A Survey of CIS Alumni to Assess Curriculum: Findings, Implications, and Future Directions
At a public, higher education program in information technology, faculty are frequently asked to evaluate their curricula concerning: course content, the matriculation experience, where and in what capacity graduates are employed, and future academic initiatives developed to keep pace with changes in technology. The problem is determining the best process or mechanism to accumulate the responses.
The increased importance of STEM programs (science, technology, engineering, and mathematics), reduced state support, and the need for greater accountability are driving academic technology programs to justify their existence. This paper explores one process for evaluating a Computer Information Systems (CIS) program in a state-supported university in the Midwest USA, through an email survey designed for graduates to capture their unique perspective as ‘customers’.
An email survey was developed, field tested, and sent to 550 email addresses obtained from university alumni affairs. Results were accumulated in a Qualtrics program and analyzed for research purposes.

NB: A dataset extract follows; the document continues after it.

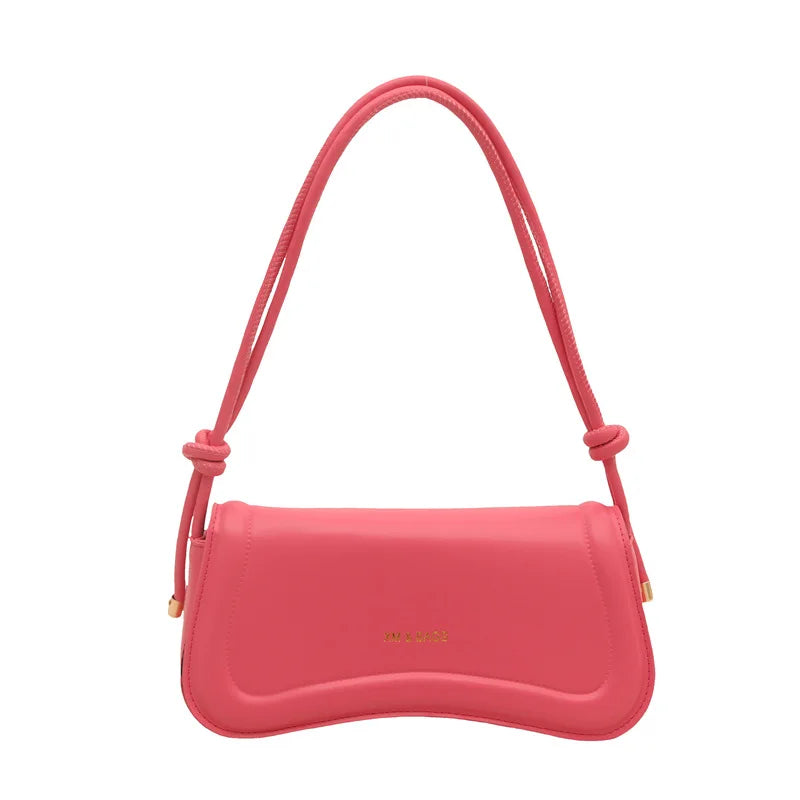 Underarm Bags Solid Color Small Top-handle Bags Purse Female Daily Handbags PU Leather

The contribution of this research is outlining one program’s experience gleaning information on the employment of graduates, assessing the CIS and business core curriculum, and collecting suggestions for future academic courses and experiences through the utilization of an email survey. This is a valuable source of curriculum feedback that is often overlooked by programs that want to enhance their academic offerings.
Among the findings are the following: the CIS program is and has been a viable and relevant information technology program that prepares graduates for meaningful careers in this field; the business core curriculum of accounting, finance and business communication is essential to the career success of CIS graduates; graduates of the CIS program are prepared to assume managerial roles throughout their careers; and Cooperative (Co-op) education is an extremely valuable experience and should be required in the CIS curriculum.
Graduates of an academic program are an excellent source of evaluation material. A well-constructed email survey can gather relevant data on employment and employability, the curriculum, the college experience, and other academic program information. This type of survey is an easy, inexpensive, and expedient means for gathering this information.
The current study surveyed CIS graduates to assess the appropriateness of the curriculum. Future researchers should seek input from IT managers and HR managers who will be hiring CIS graduates in the near future to find their perspectives on the CIS curriculum.
Further research needs to investigate the link between alumni surveys and accreditation. There is also a need to improve and refine survey instruments, increase survey response rates, incorporate survey responses into program marketing initiatives, and define a process for incorporating these results into the development/creation of academic courses.